Controlling and quantifying risk is the primary job of an investor. Once the worst case scenario is determined downside exposure to ANY possible event is calculated in dollar terms and financial impact on the portfolio only then can participation be weighed
Risk and Probability are the factors that can be controlled using options as the most positive attributes. The super leverage benefit is secondary to the ability to know the maximum cost of any potential catastrophic stock move.
US Steel posted new decade plus lows as the resource rout has renewed. Lower lows DID NOT see new highs in volatility with bullish divergence suggesting the sellers are somewhat subdued.
Commodities like steel have intrinsic real value and therefore potentially wild price swings year to year as the supply and demand factors change. The exhaustedly discussed China slowdown, from 7% GDP to a still robust 6% double the US, has put pressure on resources for the last few years.
X is down 45% since the first of the year and off 63% in the last 52 weeks. The stock was at $45 last year at this time with the decline accelerating when it broke below the $20 basing action.
The option volatility at the 70% level makes the option expensive in relative value compared to the market itself. Option selling strategies take advantage of the increased premiums.
The potential return on risk is 5% in a month is attractive with a $12.40 break even at the option expiration.
Buying at a 15% discount price if assigned is a way to position for a long term recovery in a single digit stock…. Or to get paid not to buy it at these extreme low levels.
The high implied volatility makes option selling strategies attractive as pure probability trades that utilize time decay acceleration. The October options have a month until expiration.
One strategy to buy at a lower price, or get paid not to, is used by money managers to buy stocks they WANT for long term portfolio positioning. Use others fears for your benefit by selling a CASH SECURED PUT to enter the stock at a major discount.
Option tactics can be employed to make money in Up, Down and Sideways action to take advantage of other variables or time and volatility.
The fear and uncertainty can be used to get in lower for those who are at worst are comfortable holding on to an inexpensive stock to wait for a potential recovery.
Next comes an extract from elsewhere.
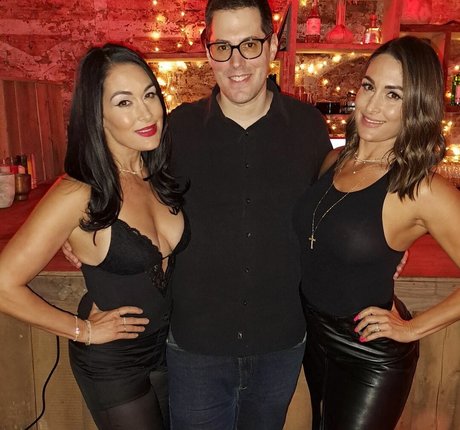 The Bella Twins_ onlyfans porn leak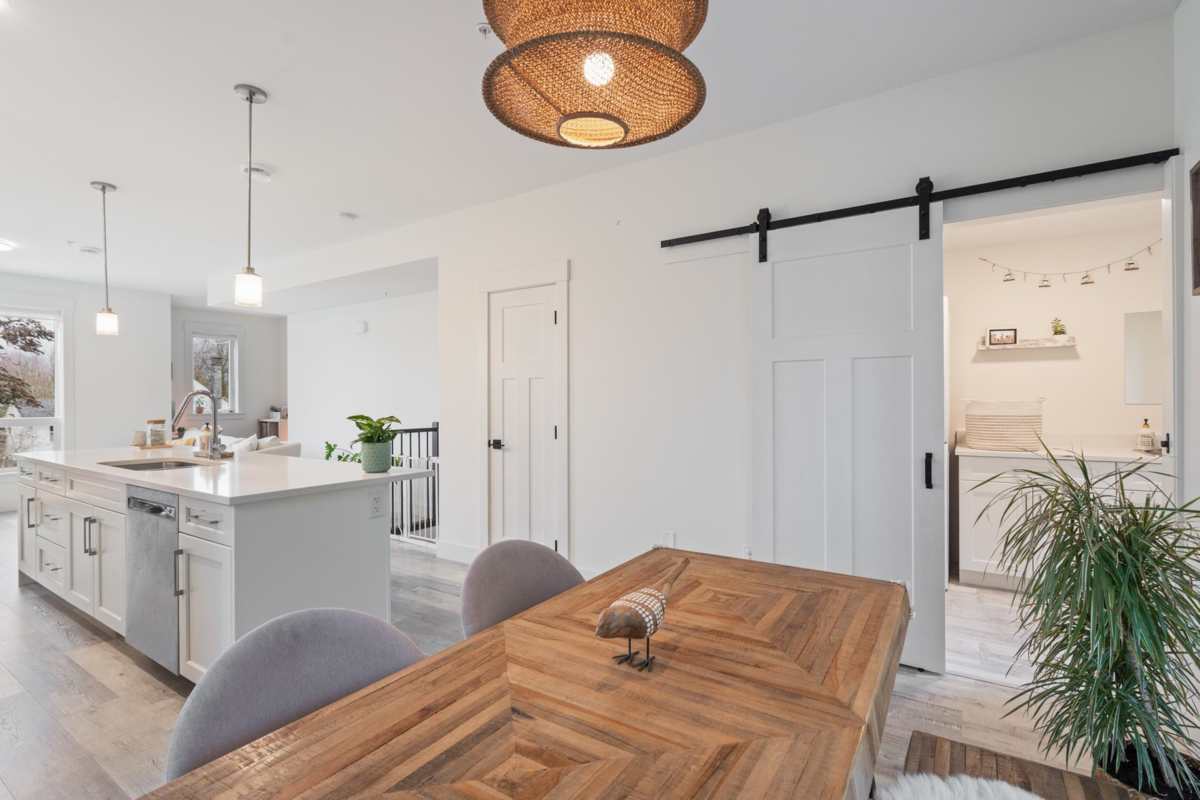 Laundry Room Photo of 6 46339 Hope River Road, Chilliwack, BC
The straightforward Price Order to buy a stock at a lower level is common if it can be determined where it is comfortable to get in below current prices. Put in the trade at a price and wait for the dip to enter.
Professional money managers have certain points at which they would buy a desirable stock but an option strategy lets them get in at discount or get paid not to.
Selling a CASH SECURED put, has the same mathematical risk profile as a covered call, would assign the stock long at the option strike price. The true entry basis is actually even lower with the subtraction of the premium.
With the Put sale there is an OBLIGATION to buy at the strike price if it is assigned.
However, if the stock is not below the strike at expiration the premium received is all profit. Get in the stock at a discount or get paid not to…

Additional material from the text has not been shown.